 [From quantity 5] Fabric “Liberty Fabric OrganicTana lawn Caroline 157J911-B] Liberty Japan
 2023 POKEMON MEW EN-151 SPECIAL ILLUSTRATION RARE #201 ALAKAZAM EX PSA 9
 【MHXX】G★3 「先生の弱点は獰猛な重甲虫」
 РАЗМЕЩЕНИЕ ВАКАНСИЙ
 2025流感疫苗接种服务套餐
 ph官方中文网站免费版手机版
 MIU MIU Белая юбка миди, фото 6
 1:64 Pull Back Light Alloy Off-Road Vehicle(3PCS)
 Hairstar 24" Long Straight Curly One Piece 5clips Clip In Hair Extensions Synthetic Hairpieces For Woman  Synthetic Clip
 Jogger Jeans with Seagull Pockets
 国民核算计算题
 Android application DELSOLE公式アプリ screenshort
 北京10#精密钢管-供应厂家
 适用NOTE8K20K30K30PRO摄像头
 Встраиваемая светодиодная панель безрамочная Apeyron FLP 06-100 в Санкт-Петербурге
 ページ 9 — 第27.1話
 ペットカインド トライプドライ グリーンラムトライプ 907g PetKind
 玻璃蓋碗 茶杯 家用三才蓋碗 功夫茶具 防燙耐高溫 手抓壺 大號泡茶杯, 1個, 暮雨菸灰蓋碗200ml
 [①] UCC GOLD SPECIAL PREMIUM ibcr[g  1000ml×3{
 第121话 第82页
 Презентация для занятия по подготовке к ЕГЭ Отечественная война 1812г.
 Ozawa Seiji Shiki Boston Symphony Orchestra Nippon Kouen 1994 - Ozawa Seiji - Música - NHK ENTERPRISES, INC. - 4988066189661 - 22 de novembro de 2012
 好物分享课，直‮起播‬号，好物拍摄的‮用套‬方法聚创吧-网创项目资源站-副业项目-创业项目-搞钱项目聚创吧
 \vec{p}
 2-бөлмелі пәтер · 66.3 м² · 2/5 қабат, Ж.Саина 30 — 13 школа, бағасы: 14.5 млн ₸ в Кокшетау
====================
What is needed:
Copy each line above where the string "SPECIAL" occurs.

Solution to this task:
 2023 POKEMON MEW EN-151 SPECIAL ILLUSTRATION RARE #201 ALAKAZAM EX PSA 9
 [①] UCC GOLD SPECIAL PREMIUM ibcr[g  1000ml×3{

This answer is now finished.